Disparaging comments about trends in American society by Japanese politicians have led to perceptions in the US that Japan, with its financial strength, now feels superior to its strongest ally. This may be more accurately interpreted as a reflection of Japan's emergence from a long-standing feeling of inferiority in its relations with the US.
The Japanese are understandably proud of their economic and social accomplishments since World War II. At the same time, they are also aware of their image as a nation plagued by political scandals that has yet to find its diplomatic niche.
Japan has often felt isolated from the world community and is a nation with a long history of playing catch-up. It now finds that a larger stake and greater influence in global matters is accompanied by unprecedented interest in Japan's affairs. And many complain that Japan has not lived up to its international responsibilities. While Japan has been unable to successfully present itself to the world as a nation actively engaged, it is no doubt inevitable that the Japanese will, in time, show leadership a nd initiatives that demonstrate their belief in a shared destiny for all nations.

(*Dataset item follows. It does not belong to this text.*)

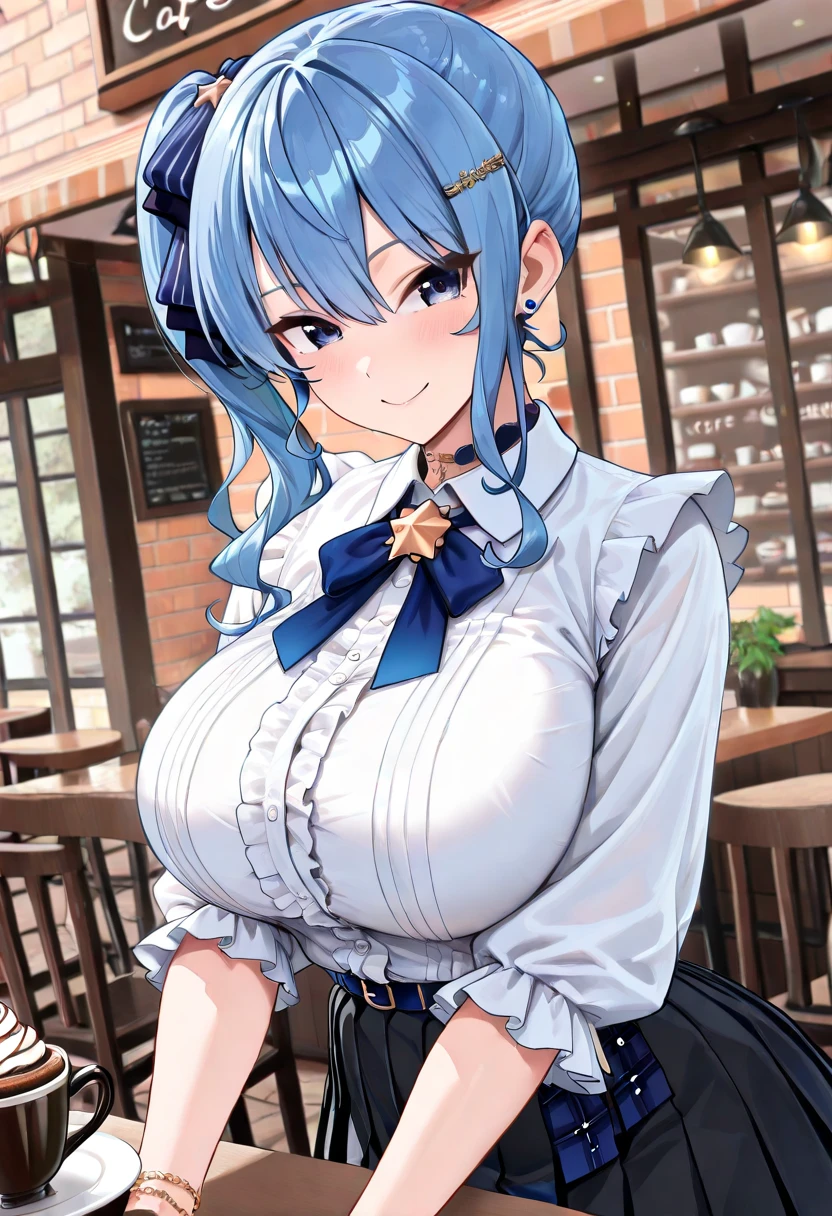 Rem from Re:Zero、light blue hair、short hair、table top、High resolution、many girls multiple girls、large crowd、lots of cute girls、big and full breasts、naughty body、See-through、throw、、whole body、Are standing、Look up at me、confused face、blush、embarrassing、Excited、white breath、black pantyhose、female shape'Private parts are clearly visible、I can see your nipples、white shirt、navy check skirt、micro mini skirt、very short skirt、bakery、Outside the store、spring、Cherry blossom trees、SakuraFubuki、Many people々々々々々々、in the crowd、bare chest、show your chest、while holding the tray、place the chest on the tray、Upper grade、A lot of milk comes out from the nipples、Breast milk gushes from the nipple、cat ears maid clothes、blue gingham maid outfit、bangs that cover one eye、pink hairpin、whole bodyポートレート、whole bodyを写す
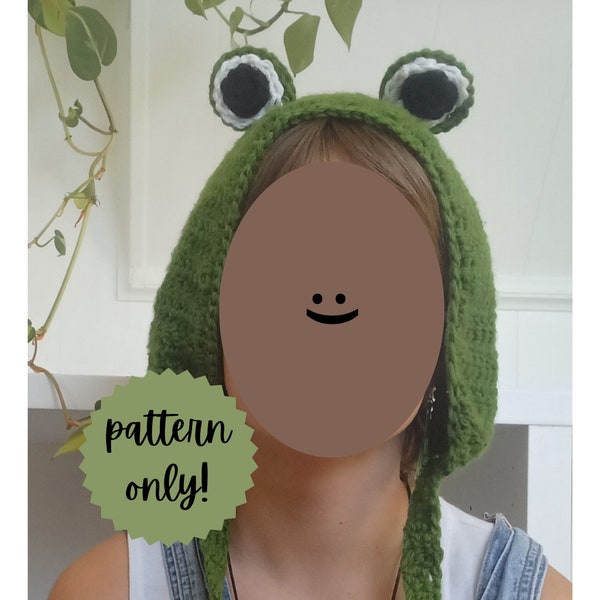 crochet frog headband earmuffs- PATTERN ONLY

In many ways, Japan's domestic political structure has stifled its ability to offer leadership internationally. The Japanese system does not formulate quick or dynamic foreign policy. Previously, Japanese leaders have relied on gaiatsu, or external pressure, to unify moves on contentious trade and foreign- policy issues. But there is no such pressure from the US or elsewhere to force domestic political reform.
It is unlikely that we'll see Japan put forth major international initiatives until such reform is carried out. There will, however, continue to be incremental changes in policy that will gradually involve Japan more fully in the world's affairs. One example is Tokyo's June conference on Cambodia. This is a small, yet significant move at a time when legislation that would allow Japan's Self-Defense Forces to participate in United Nations peacekeeping operations remains stalled in the Diet.
Japan has earned the right to an expanded decisionmaking role in international forums that is commensurate with its financial contributions. We should support such a position. A more active and independent Japanese foreign policy is an inevitable and natural outcome of political and economic maturity. But only Japan, through its own democratic political process, can determine what its function in the world should be.
With European Community integration, the US-Canada free-trade agreement, and the prospect of a North American free-trade zone, there is renewed interest in Japan and throughout Asia in an Asian-Pacific regional strategy. It is uncertain what form it would take or even if the US would be included. But certainly, with the yen becoming the dominant currency in Asia, Japan would be the centerpiece.
Japan could facilitate its larger regional role and lessen distrust among Asians by honestly confronting its wartime past. Relations with South Korea have been strained of late because of Japan's unwillingness to recognize the claims of the so-called "comfort women."
Furthermore, Japan's ability to criticize nations like China for human rights violations is hampered by its refusal to acknowledge its past.
What will the Japanese do with a greater say in world affairs? The Japanese clearly have economic strength and will no doubt continue to use this brawn to seek political power in the world. But Japan will have to present a more benevolent image of itself to the global community, identifying values and interests that it cherishes.
Japan's new policy on official development assistance signifies a move in this direction. Tokyo now requires aid recipients to have acceptable policies on arms trading, military expenditure, human rights, and democratization.
However, Tokyo's continued assistance to Burma, despite that country's human rights violations and suppression of democratic movements, suggests that this new policy, like much of Japan's foreign activities, will be implemented by degrees.